In recent reports, Uptime Institute Intelligence has warned that a wave of resiliency, security and sustainability legislation is making its way toward the statute books. Governments around the world — aware that digital infrastructure is increasingly critical to economic and national security (and consumes a lot of power) — have decided the sector cannot be left unwatched and unmanaged.
New laws relating to data center sustainability have attracted the most attention, partly because some of the provisions will likely prove expensive or difficult to meet. In Germany, for example, the Energy Efficiency Act, which was passed by Germany’s lower house of parliament in September 2023, requires all new data centers to reuse a set proportion of their waste heat (with some exceptions) and have a power usage effectiveness (PUE) of 1.3 or below. The legislation also specifies that older data centers will be required to reach this level by 2026.
The act, which has been dubbed by some as the “data center prevention act,” is the first of many new laws planned by European governments. It anticipates (and adds to) the requirements of the EU’s Energy Efficiency Directive (EED), which comes into force in the latter part of 2023. The EED contains a long list of onerous reporting and improvement requirements for data centers that will be transposed into national law in all 27 EU member states.
Sustainability is not, however, the focus of a lot of the upcoming regulation. A recent Uptime Institute report, Digital resiliency: global trends in regulation, looks at how legislation addressing resiliency across the digital supply chain is being implemented or planned in the US, EU, UK, Singapore, Australia and elsewhere. At least some of these laws will have far-reaching effects on the digital infrastructure ecosystem.
While rules to ensure resiliency are not new, the latest wave signals a significant extension of regulatory oversight. The new laws are a response to the growing threat of complex, systemic or even irrecoverable outages and are a recognition that data center services now play a critical role in a modern economy — a lesson underlined during the COVID-19 pandemic.
A common theme of these new rules is that, effectively, governments are now classifying digital infrastructure as part of the critical national infrastructure.
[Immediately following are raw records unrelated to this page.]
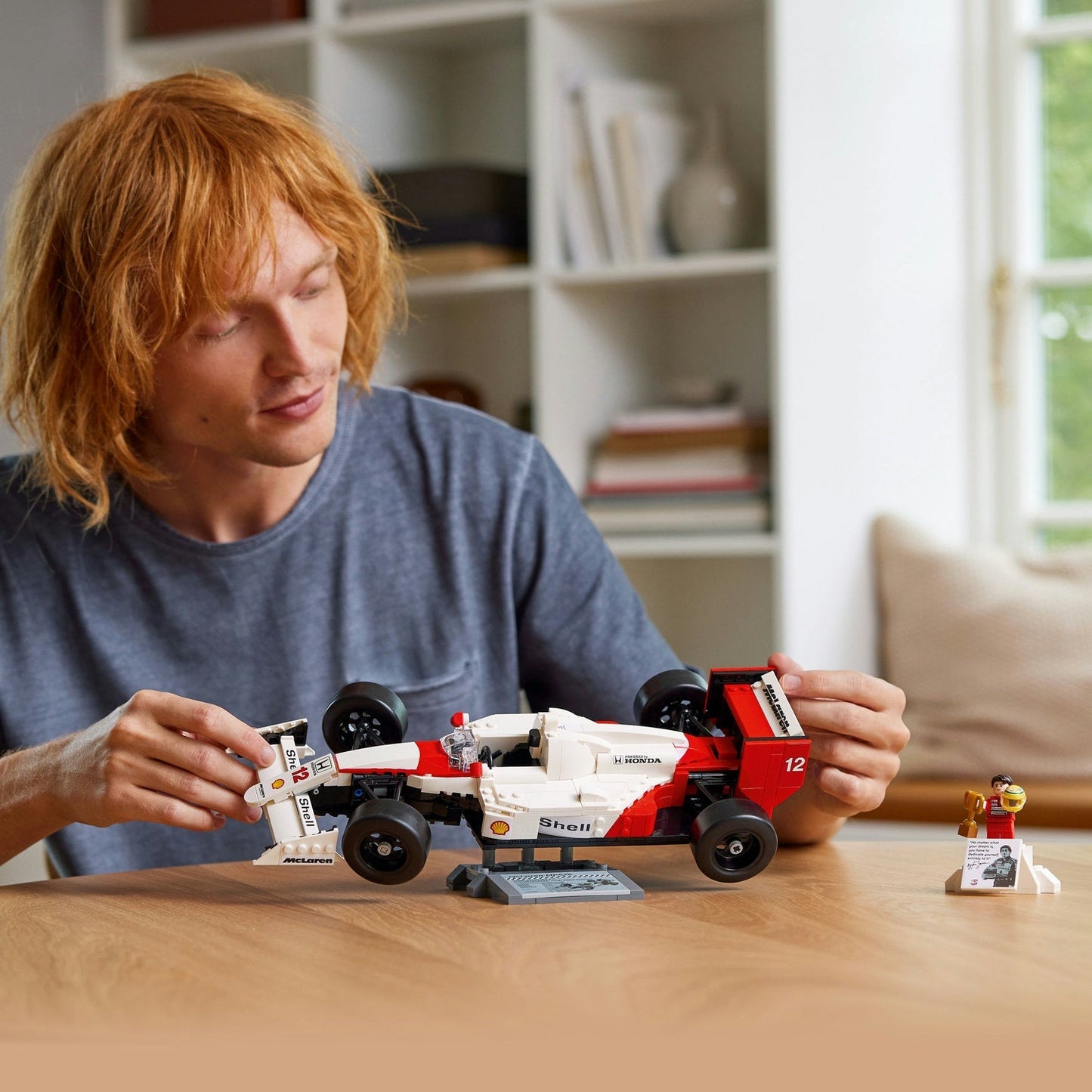 LEGO McLaren MP4/4 & Ayrton Senna Race Car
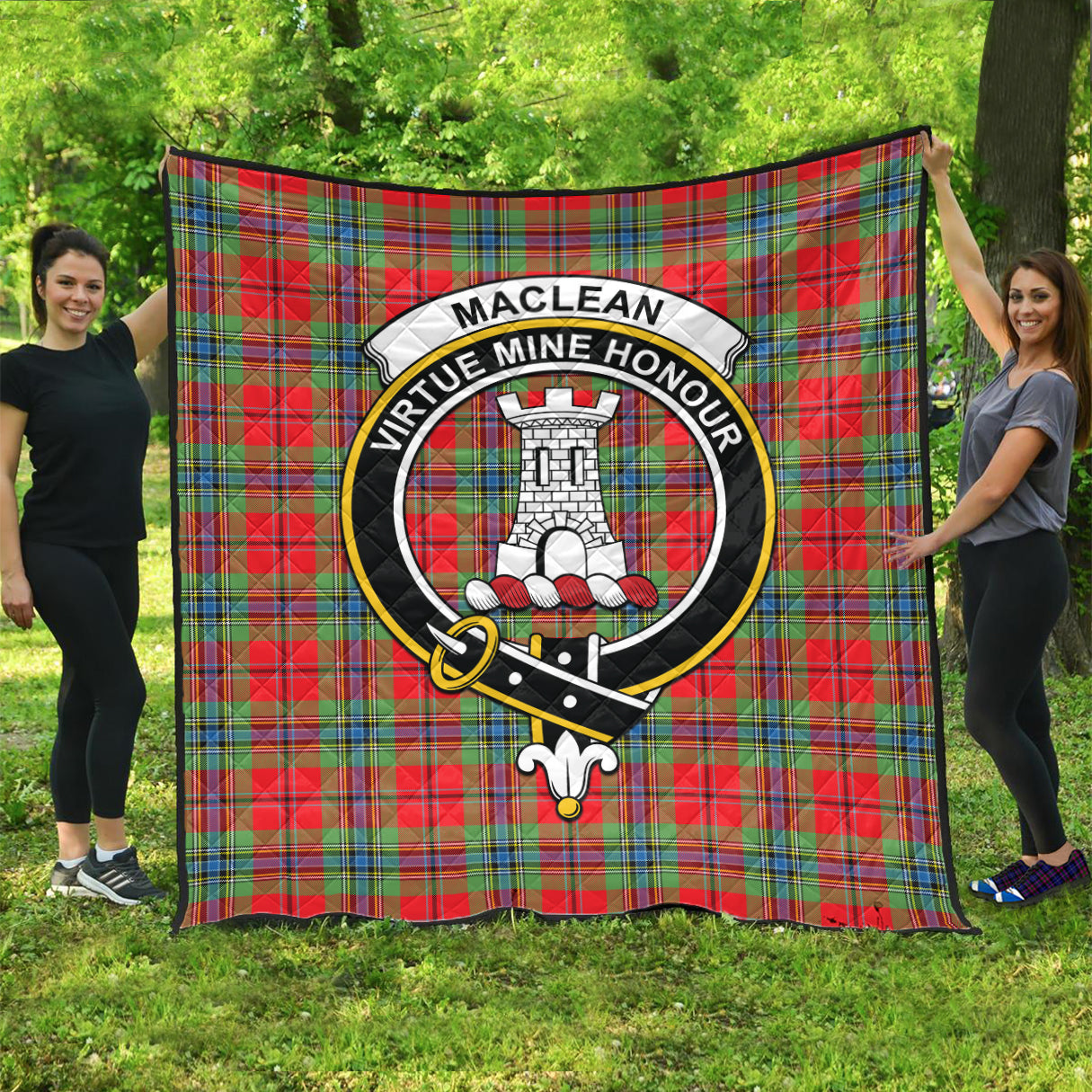 maclean-of-duart-modern-tartan-quilt-with-family-crest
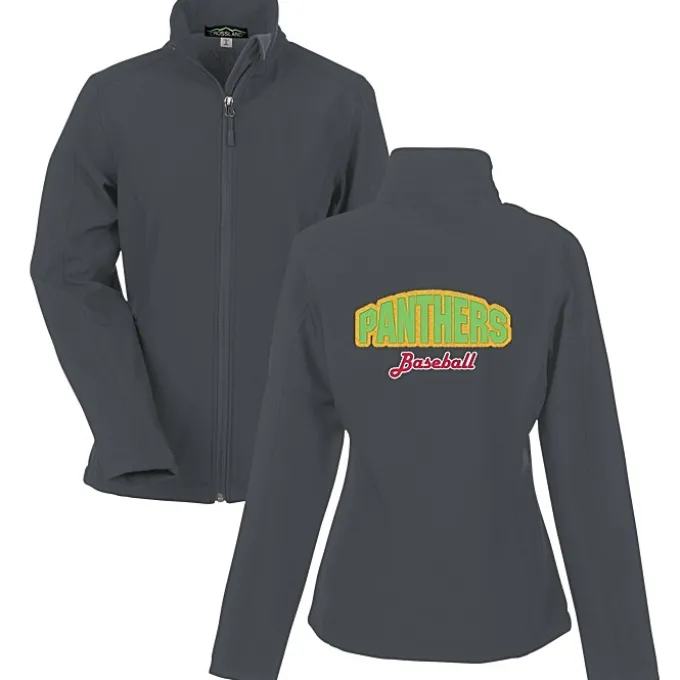 Crossland Soft Shell Jacket - Ladies' - Applique Twill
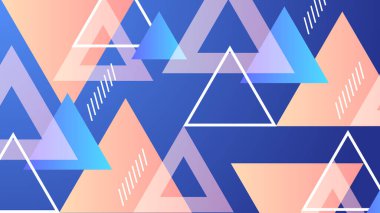 Şekiller ve Desenler ile Renkli Geometrik Soyut Arkaplan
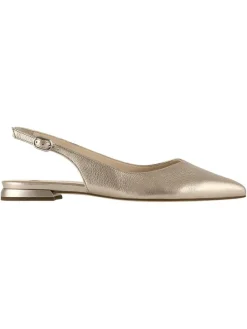 Högl Pumps^Leder-Ballerinas in Gold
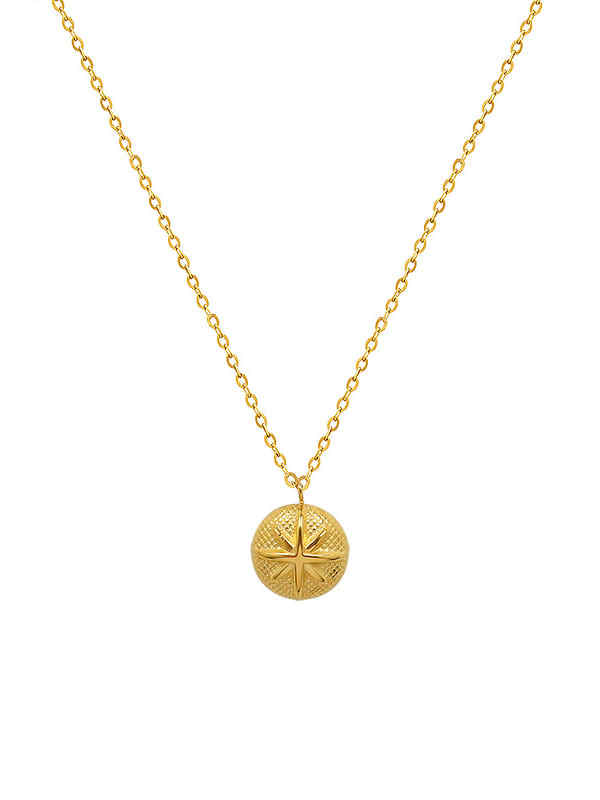 Collar minimalista geométrico de acero inoxidable 316L de titanio con revestimiento electroforético resistente al agua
This is a specific term that means operators of critical services are subject to security, availability, transparency and reporting mandates. Under these regulations, all participants in the infrastructure supply chain — whether software, hosting, colocation, cloud or networking — need to be transparent and accountable.
Uptime Intelligence research suggests that few operators are up to date with pending legislation or the requirements and costs of compliance. In the area of sustainability, surveys show that most data center / digital infrastructure operators are not collecting the data they will soon need to report.
Operators in North America (primarily the US) tend to be much more wary of regulation than their counterparts in other parts of the world — wariness that applies both to sustainability and to resiliency / transparency. In a 2021 Uptime Institute climate change survey, for example, three-quarters of European and Asian data center operators said they thought data center sustainability laws were needed — but only about 40% of US operators agreed (see Figure 1).
Figure 1. Majority invite more regulation for sustainability
In the 2023 Uptime Institute Global Data Center Survey, operators were asked about their attitude toward resiliency laws that would reveal more details of data center infrastructures and would enable certain customers (i.e., clients with critical requirements) to visit or assess facilities for resiliency. Operators everywhere were broadly supportive, but once again, those in North America were the most wary (see Figure 2).
Figure 2. North American operators least likely to favor transparency laws
Differences in attitudes toward the role of regulation are not limited to businesses; regulators too differ in their aims and methods. The US, for example, generally puts more emphasis on economic incentives, partly through the tax system, such as the Inflation Reduction Act, while Europe favors the stick — rules must be followed, or penalties will follow.
In the US, when resiliency laws are introduced or proposed, for example by the Securities and Exchange Commission, they are not expected to be backed up by tough sanctions for failures to comply — unlike in the EU, where penalties can be high. Instead, organizations are encouraged to conform, or they will be prevented from bidding for certain government contracts.
And while Europe and parts of Asia (such as China and Singapore) have tough sustainability laws in the pipeline, the US has no federal laws planned.
There is, of course, a long-running debate over whether expensive carrots (the US model) or punitive, bureaucratic sticks are the most effective methods in facilitating change. Evidence from the Uptime Institute annual survey does show that regulations drive some investments (see Regulations drive investments in cybersecurity and efficiency). But, of course, so do rules that require investments in equipment.
For data center owners and operators, the end result may not be so different. High levels of resiliency and transparency are mostly expected to be rewarded in law and in the market, as are energy efficiency and low carbon emissions.
However, the incentive model may cost less for operators because of generous rebates and exemptions — Uptime estimates that fulfilling the emerging reporting requirements for sustainability and resiliency can cost upwards of $100,000.
The Uptime Intelligence View
The role and extent of regulation — and of incentives — is likely to change constantly in the next decade, making it difficult for data center operators to formulate a clear strategy. The most successful data center owners and operators will be those that aim for high standards at an early stage, in both areas of resiliency and sustainability, and invest accordingly. The business case for such investments is becoming ever stronger — in all geographies.